Iran questions Trump's understanding of nuclear deal after US threatens non-recertification

Global powers, including key US allies, have stated their intention to honour the Iran nuclear deal, originally struck by former US President Barack Obama 

US President Donald Trump (Photo: The New Indian Express)
US President Donald Trump (Photo: The New Indian Express)

The President of Iran has questioned US President Donald Trump's understanding of a 6-nation agreement that would lift crippling economic sanctions in return for limitations to the country's controversial nuclear energy programme, after Trump threatened to withhold his signature from its recertification, saying "apparently he doesn't know that this agreement is not a bilateral agreement solely between Iran and the United States."

Congress requires the US president to certify every 90 days that Iran is upholding its part of the agreement. Trump had already recertified it twice, but refused to sign a third time ahead of Sunday's  deadline.

Global powers, including key US allies, have stated their intention to honour the Iran nuclear deal, originally struck by former US President Barack Obama and which US President Donald Trump has threatened to scrap. On Friday Trump announced that he would stop signing off on the agreement.

In response, the UK, France and Germany said that the agreement had been entered into as a matter of “shared national security interest". The EU also pointed out that it was "not up to any single country to terminate" a "working" deal. China has not spoken since the speech but has previously called on the US to preserve the agreement. Russia's foreign ministry expressed regret at Trump's decision but said it did not expect this to stop the deal from being implemented.
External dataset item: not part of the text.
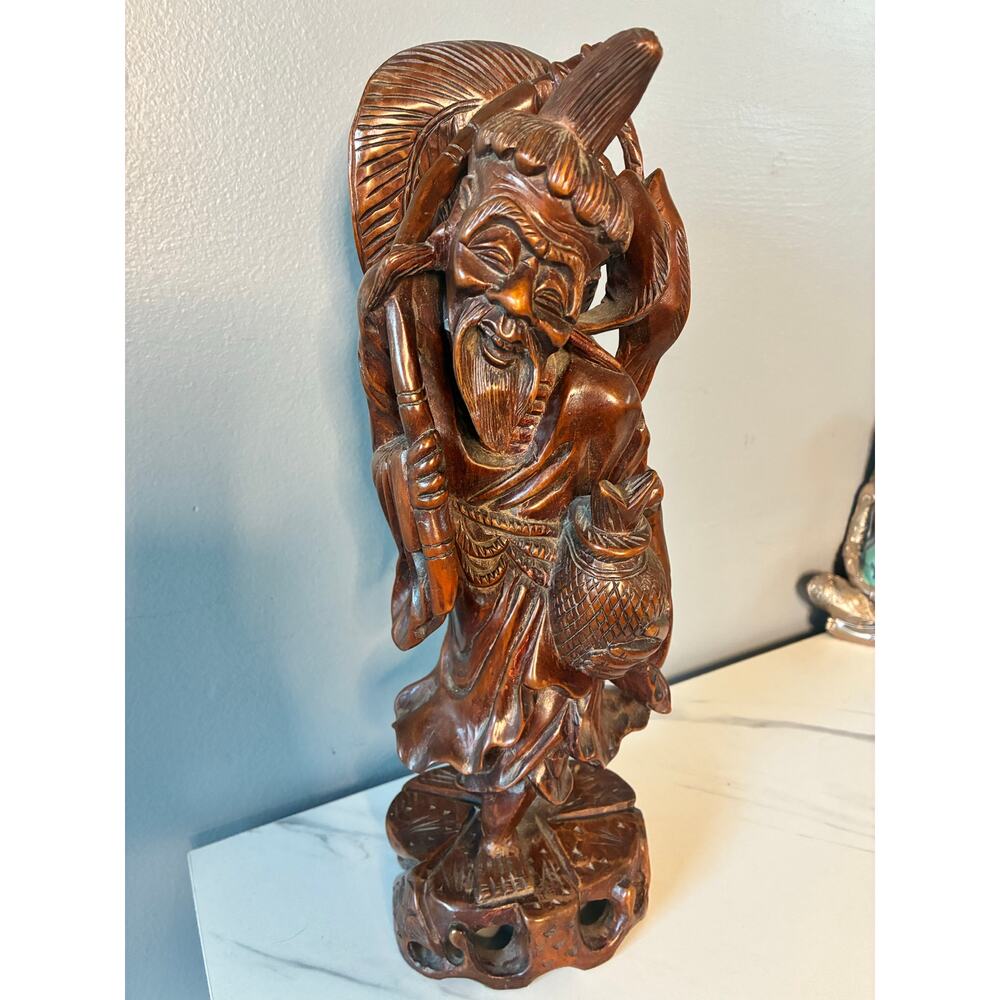 Hand-Carved Vintage Asian Fisherman Sculpture Signed Artisan Carving Hardwood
Describing the US as “more isolated than ever,” Iran's President Hassan Rouhani questioned whether it was even possible for a party to single-handedly annul a multilateral international treaty. "Apparently he doesn't know that this agreement is not a bilateral agreement solely between Iran and the United States."

The deal, signed in 2015, between Iran and six international powers - the UK, the US, Russia, France, Germany, and China, imposed restrictions on Iran's nuclear programme in return for an easing of international sanctions.

In a speech on Friday, Trump called Iran a "fanatical regime" and said it had violated the terms of the deal and accused it of sponsoring terrorism. He proposed new sanctions.

"We will not continue down a path whose predictable conclusion is more violence, more terror, and the very real threat of Iran's nuclear breakout," he said.

International observers say Iran has been in full compliance with the agreement.

 

European diplomats warned that any such unilateral changes to the agreement were likely to trigger the deal's collapse and a return to a nuclear standoff in the Middle East. EU foreign policy chief Federica Mogherini said that Europe and the world could not afford to terminate a nuclear deal that was working well.